DIOCESI – Ho appena letto un articolo interessante di Lucia Annunziata sull’Huffington Post dal significativo titolo: “La solitudine di Francesco, il silenzio della sinistra sui cristiani” leggi l’articolo, clicca qui.
La giornalista, atea dichiarata, mostra la sua tristezza e meraviglia nell’assistere al silenzio dell’opinione pubblica ed in particolare della “Sinistra” con la S maiuscola come la descrive lei, di fronte al più terribile dei crimini perpetrati oggi contro i più deboli, la strage dei cristiani a cui stiamo assistendo inermi in tante parti del mondo. Le sue osservazioni mi sembrano molto opportune soprattutto se ripensiamo al forte eco che le stragi di Charlie Hebdo in Francia e poi del Museo del Bardo in Tunisia hanno suscitato nell’opinione pubblica occidentale.

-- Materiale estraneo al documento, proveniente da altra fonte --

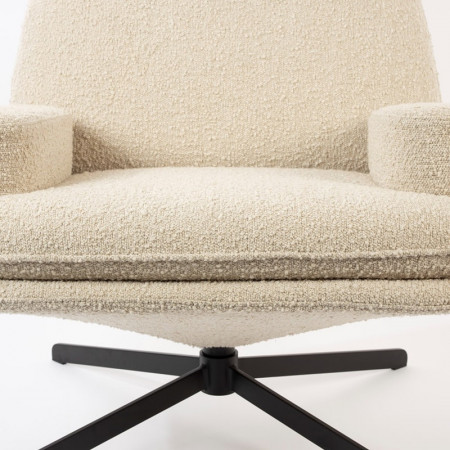 Fauteuil blanc design pivotant tissu bouclé Zuiver - Tyler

Eppure quotidianamente si perpetrano nei confronti dei cristiani tanti crimini orrendi ed esecuzioni anche di massa (come la recente strage di Garissa in Kenia con l’uccisione di 148 studenti cristiani da parte delle milizie islamiche) e l’opinione pubblica occidentale sembra tacere.
Come mai avviene tutto questo? E’ purtroppo ancora vero oggi che l’Africa (tranne le regioni sahariane) non fa notizia e le tante guerre locali non arrivano quasi mai sui nostri giornali e sui nostri mezzi di comunicazione.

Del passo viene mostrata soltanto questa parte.